The Administrative Court has ruled to temporarily ban two presenters on ultraconservative Islamist Al-Hafez Channel from appearing on the air. The Saturday decision called for the programme Fi Al-Mizan to be suspended for 30 days and forbade two of its presenters, Abdallah Badr and Atef Abdel Rashid from making television appearances.
The decision was made following a lawsuit filed by actress Elham Shahin, who had requested that the entire channel be shut down.
Badr is a controversial figure who is known for attacking his opponents with vitriolic language and insults. He called Shahin a “prostitute” on his show, also calling her “promiscuous” and “naked.” The actress reacted by filing a lawsuit against Badr for defamation and he was subsequently sentenced to one year in prison and an EGP 20,000 fine in December.
The Administrative Court also refused a request on Saturday to take satirist Bassem Youssef’s programme Al-Bernameg off the air pending his trial.

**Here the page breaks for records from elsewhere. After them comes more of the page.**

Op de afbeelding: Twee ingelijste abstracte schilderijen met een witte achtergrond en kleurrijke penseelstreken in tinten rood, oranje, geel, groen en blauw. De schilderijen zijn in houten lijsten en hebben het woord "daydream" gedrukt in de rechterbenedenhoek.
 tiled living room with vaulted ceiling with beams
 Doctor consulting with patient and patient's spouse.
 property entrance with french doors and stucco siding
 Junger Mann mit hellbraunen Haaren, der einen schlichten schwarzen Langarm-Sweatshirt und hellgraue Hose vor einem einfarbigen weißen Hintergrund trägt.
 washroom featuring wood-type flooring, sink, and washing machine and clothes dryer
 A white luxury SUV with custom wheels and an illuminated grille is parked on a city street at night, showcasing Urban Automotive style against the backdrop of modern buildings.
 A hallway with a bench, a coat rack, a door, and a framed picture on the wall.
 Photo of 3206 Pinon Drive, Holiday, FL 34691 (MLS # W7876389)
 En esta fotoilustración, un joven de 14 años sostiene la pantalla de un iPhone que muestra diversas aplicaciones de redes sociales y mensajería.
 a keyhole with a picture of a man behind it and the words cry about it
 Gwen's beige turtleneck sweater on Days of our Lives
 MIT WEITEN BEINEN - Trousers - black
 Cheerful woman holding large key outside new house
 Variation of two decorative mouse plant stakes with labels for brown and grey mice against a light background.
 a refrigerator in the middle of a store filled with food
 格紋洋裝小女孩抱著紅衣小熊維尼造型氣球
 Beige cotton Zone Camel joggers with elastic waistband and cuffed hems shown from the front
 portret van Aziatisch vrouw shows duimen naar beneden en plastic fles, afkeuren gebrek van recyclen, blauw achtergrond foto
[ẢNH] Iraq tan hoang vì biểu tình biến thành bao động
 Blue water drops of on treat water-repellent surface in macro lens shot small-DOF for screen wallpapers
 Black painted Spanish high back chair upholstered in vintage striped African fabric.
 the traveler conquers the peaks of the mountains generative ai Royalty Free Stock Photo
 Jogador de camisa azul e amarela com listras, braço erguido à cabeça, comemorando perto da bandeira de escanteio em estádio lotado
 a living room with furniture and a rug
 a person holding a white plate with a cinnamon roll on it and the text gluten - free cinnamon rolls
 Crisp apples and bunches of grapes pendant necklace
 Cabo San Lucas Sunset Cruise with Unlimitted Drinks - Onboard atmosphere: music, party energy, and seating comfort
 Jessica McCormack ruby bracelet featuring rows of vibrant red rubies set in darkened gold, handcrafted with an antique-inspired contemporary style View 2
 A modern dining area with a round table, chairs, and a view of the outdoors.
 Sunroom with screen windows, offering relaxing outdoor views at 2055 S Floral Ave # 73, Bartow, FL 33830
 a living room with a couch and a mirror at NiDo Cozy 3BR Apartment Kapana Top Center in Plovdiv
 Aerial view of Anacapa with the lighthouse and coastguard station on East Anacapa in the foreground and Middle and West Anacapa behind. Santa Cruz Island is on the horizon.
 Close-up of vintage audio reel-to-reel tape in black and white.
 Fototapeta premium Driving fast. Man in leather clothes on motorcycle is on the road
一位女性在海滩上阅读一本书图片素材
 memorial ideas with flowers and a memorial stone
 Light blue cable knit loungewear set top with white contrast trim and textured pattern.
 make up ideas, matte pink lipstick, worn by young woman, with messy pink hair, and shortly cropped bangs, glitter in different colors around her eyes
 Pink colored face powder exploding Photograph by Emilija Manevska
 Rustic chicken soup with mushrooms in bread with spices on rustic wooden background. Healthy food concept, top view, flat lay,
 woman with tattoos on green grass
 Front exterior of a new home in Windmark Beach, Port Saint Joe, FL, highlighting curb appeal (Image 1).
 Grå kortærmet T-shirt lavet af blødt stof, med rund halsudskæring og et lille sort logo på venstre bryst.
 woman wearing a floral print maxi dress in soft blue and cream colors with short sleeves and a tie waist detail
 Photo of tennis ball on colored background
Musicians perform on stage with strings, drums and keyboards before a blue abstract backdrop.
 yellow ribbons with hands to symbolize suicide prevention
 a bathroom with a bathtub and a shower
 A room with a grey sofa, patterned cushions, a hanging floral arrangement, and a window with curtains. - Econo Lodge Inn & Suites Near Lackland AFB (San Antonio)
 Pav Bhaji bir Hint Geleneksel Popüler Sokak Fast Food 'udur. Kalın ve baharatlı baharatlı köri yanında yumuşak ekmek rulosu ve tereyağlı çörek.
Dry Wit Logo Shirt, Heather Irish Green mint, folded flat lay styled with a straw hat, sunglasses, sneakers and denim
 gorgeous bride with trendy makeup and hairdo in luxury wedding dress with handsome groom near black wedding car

A request for the temporary closure of Youssef’s CBC program had been submitted by Muslim Brotherhood lawyer Mahmoud Aboul Enein.
The lawsuit filed by Aboul Enein claims that Youssef’s programme illegally insulted the president and promoted corrupt morals through profanity and violation of religious values.
The original lawsuit against Youssef was filed by Ramadan Abdel Hamid Al-Oksory. Prosecutor General Tala’at Abdallah referred Youssef to investigation following the submission of the lawsuit. Al-Oksory accused the comedian of mocking President Mohamed Morsy and other public figures in a way that publicly humiliated them.
The court also ruled that Dream could return to its studios to broadcast its channels. Dream had been originally ordered that it could only broadcast its channels from Media Production City, although its studios are located Dreamland, a resort on the outskirts of Cairo.
Dream’s channels were briefly cut off before being permitted to return last November, and broadcasted from state-owned Media Production City.